------ AVAILABLE DATA ------

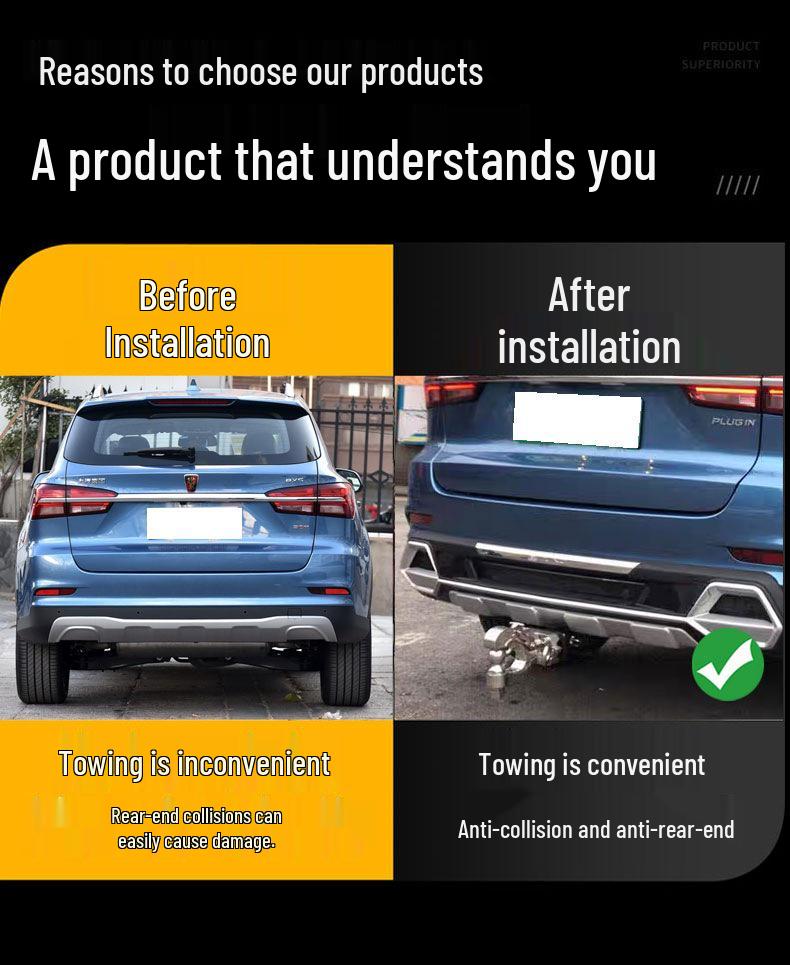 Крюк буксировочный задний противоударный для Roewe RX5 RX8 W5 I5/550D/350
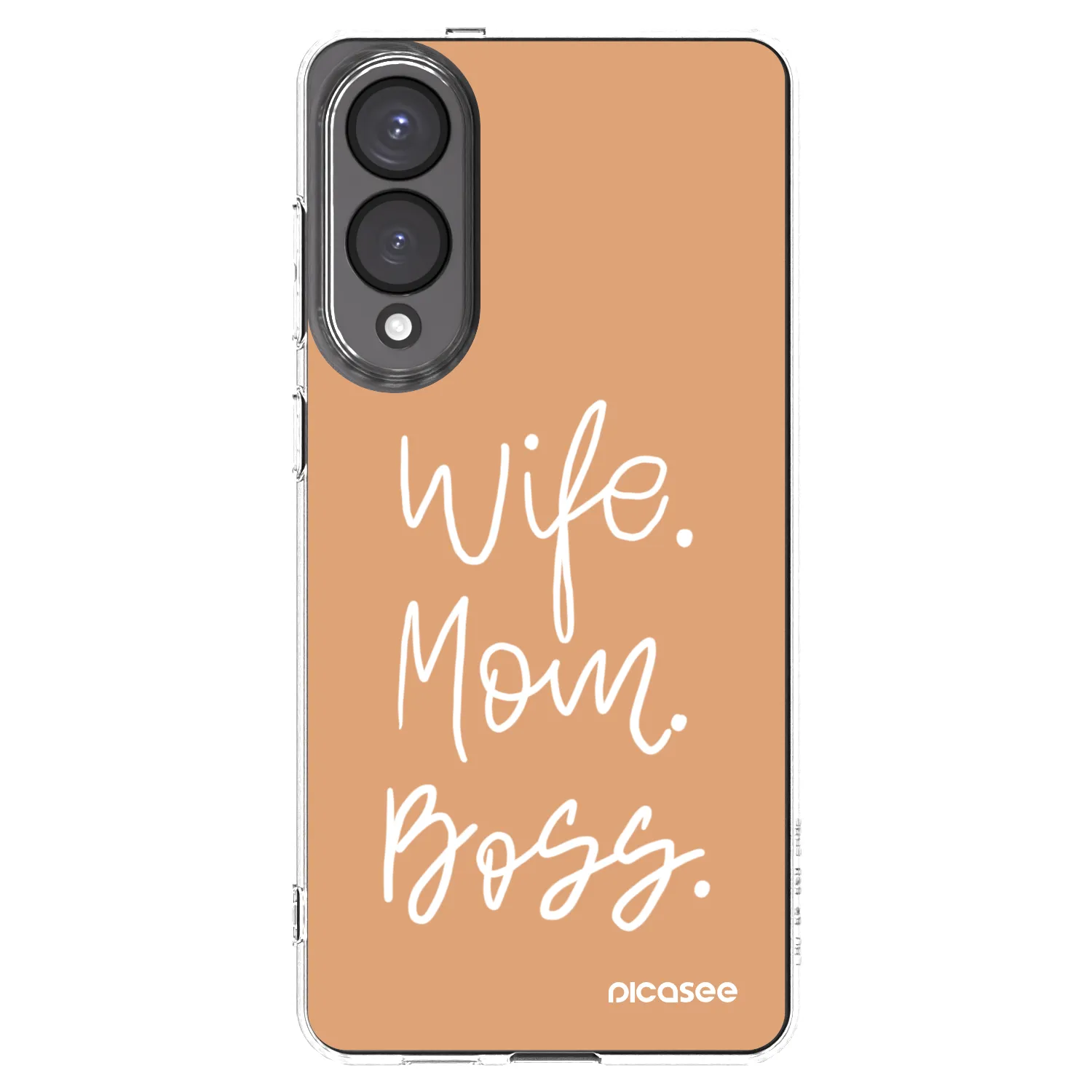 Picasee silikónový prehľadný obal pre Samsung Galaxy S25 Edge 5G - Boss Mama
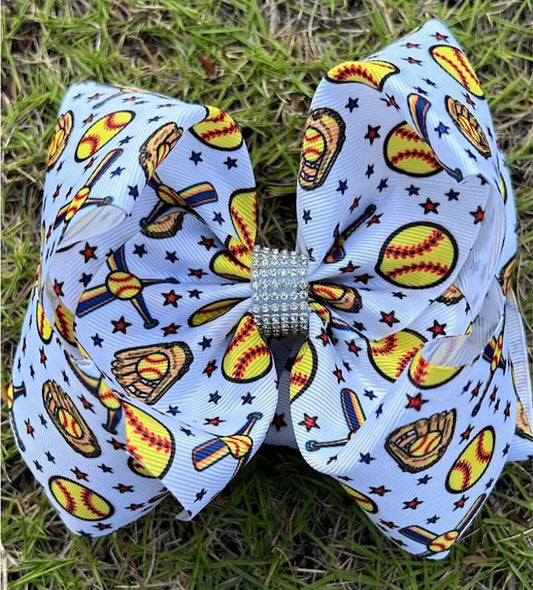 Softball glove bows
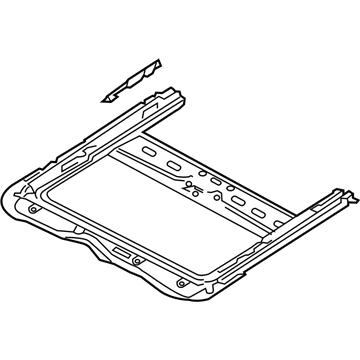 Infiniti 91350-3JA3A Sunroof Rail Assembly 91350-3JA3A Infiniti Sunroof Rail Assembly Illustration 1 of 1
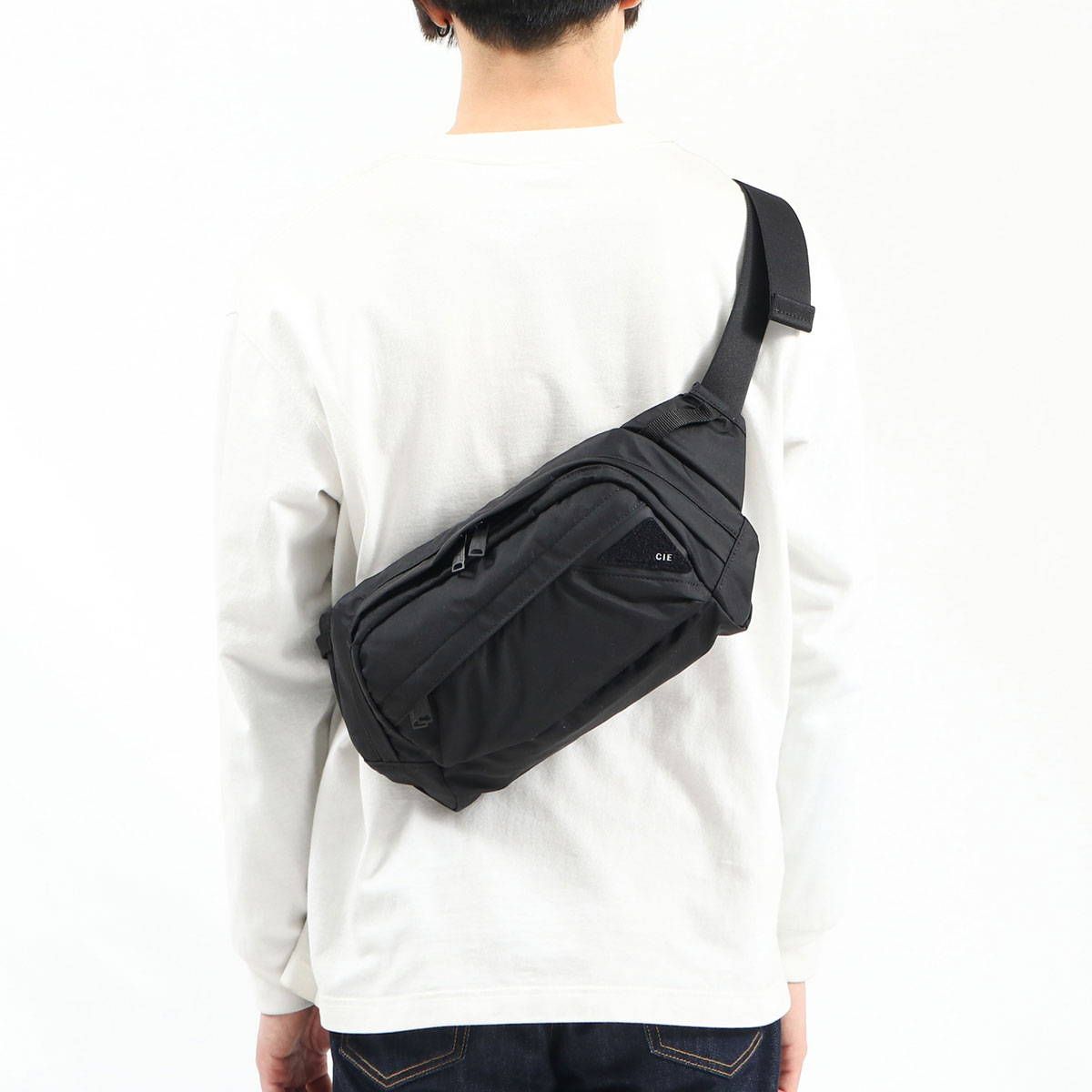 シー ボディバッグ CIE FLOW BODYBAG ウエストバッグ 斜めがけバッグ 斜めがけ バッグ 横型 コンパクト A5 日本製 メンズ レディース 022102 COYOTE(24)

------
------ AVAILABLE DATA ------

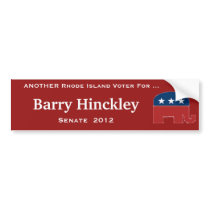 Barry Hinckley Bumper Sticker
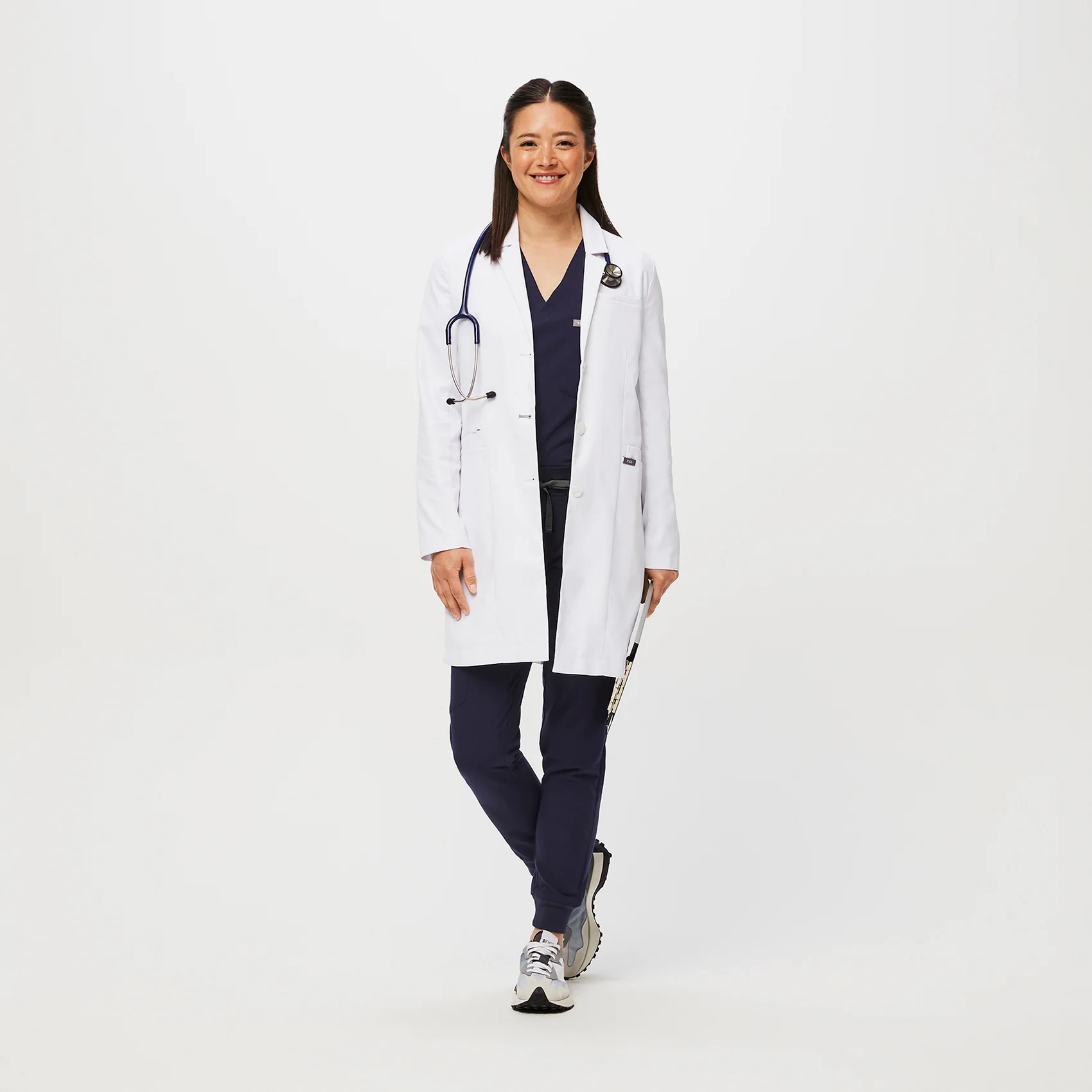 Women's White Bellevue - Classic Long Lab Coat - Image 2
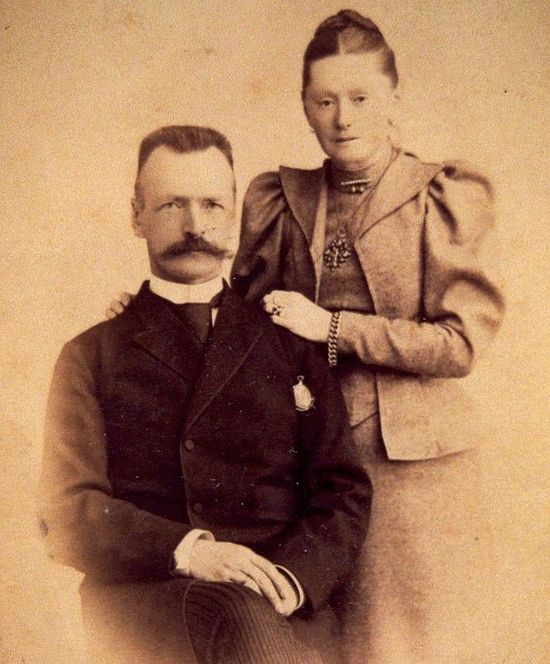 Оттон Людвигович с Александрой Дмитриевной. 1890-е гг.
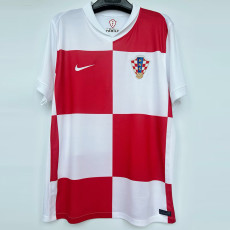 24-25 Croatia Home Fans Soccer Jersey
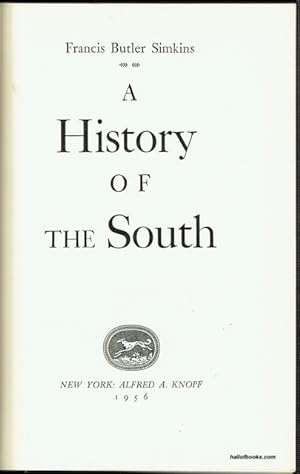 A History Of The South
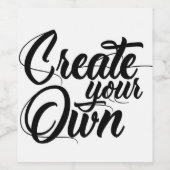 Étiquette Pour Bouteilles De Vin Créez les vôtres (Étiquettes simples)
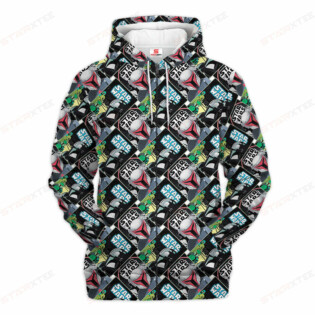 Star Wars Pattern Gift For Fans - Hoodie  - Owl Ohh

------

### YOUR OBJECTIVE:
Beginning at the line above that contains "Оттон Людвигович с" and going on through the line that contains "Star Wars Pattern", please copy every line exactly, leaving the pictures out and adding nothing.

### PROBLEM SOLUTION:
 Оттон Людвигович с Александрой Дмитриевной. 1890-е гг.
 24-25 Croatia Home Fans Soccer Jersey
 A History Of The South
 Étiquette Pour Bouteilles De Vin Créez les vôtres (Étiquettes simples)
 Star Wars Pattern Gift For Fans - Hoodie  - Owl Ohh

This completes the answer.